Input for this task ▸
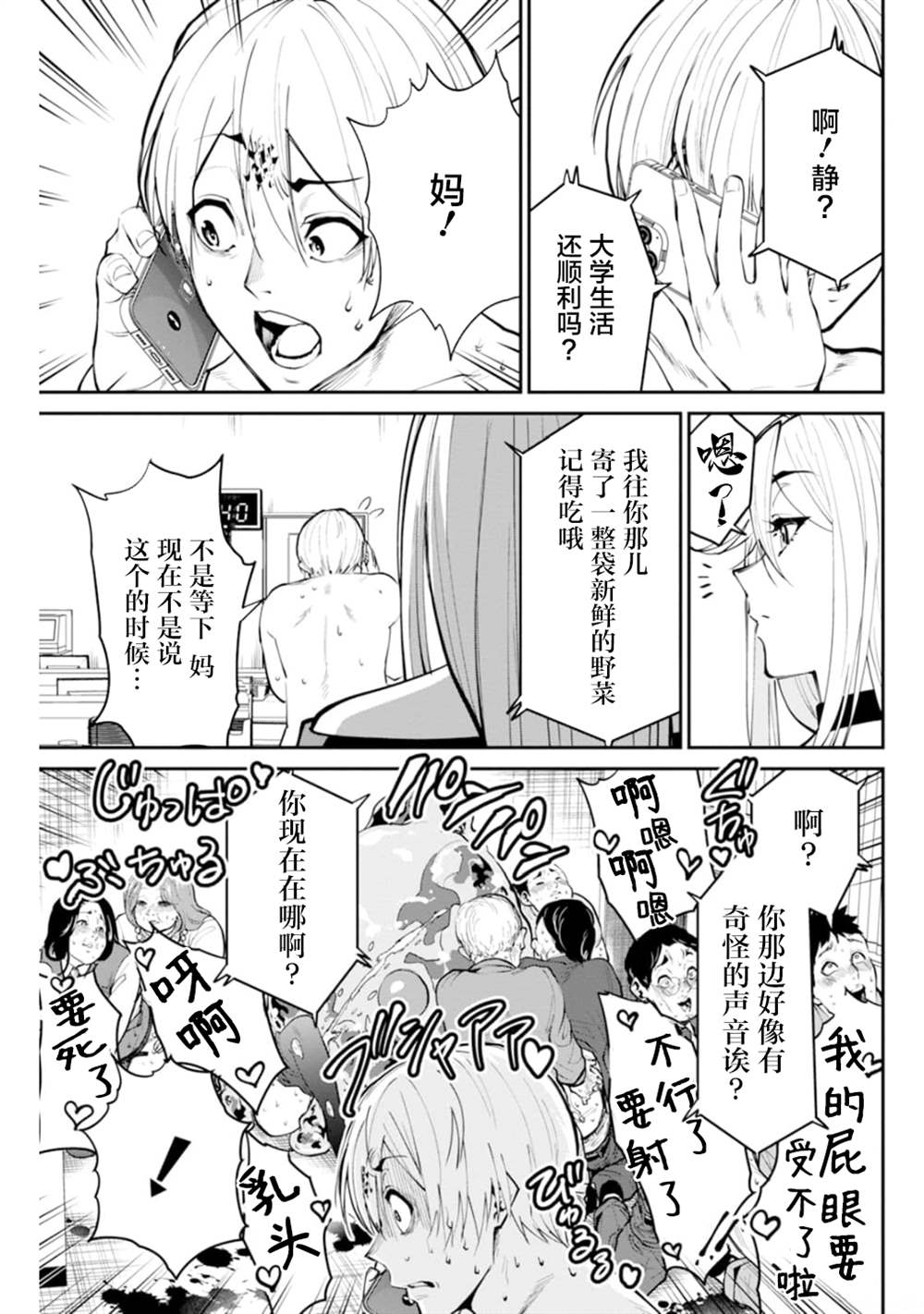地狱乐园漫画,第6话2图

* * *

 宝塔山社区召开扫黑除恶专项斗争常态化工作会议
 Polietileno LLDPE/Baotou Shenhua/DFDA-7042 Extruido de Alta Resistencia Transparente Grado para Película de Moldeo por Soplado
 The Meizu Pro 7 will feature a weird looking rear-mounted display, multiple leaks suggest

The problem ▸ Above are the records; repeat exactly the lines from the one holding "宝塔山社区召开扫黑除恶专项斗争常态化工作会议" down to the one holding "The Meizu Pro", end lines included.

Task response ▸
 宝塔山社区召开扫黑除恶专项斗争常态化工作会议
 Polietileno LLDPE/Baotou Shenhua/DFDA-7042 Extruido de Alta Resistencia Transparente Grado para Película de Moldeo por Soplado
 The Meizu Pro 7 will feature a weird looking rear-mounted display, multiple leaks suggest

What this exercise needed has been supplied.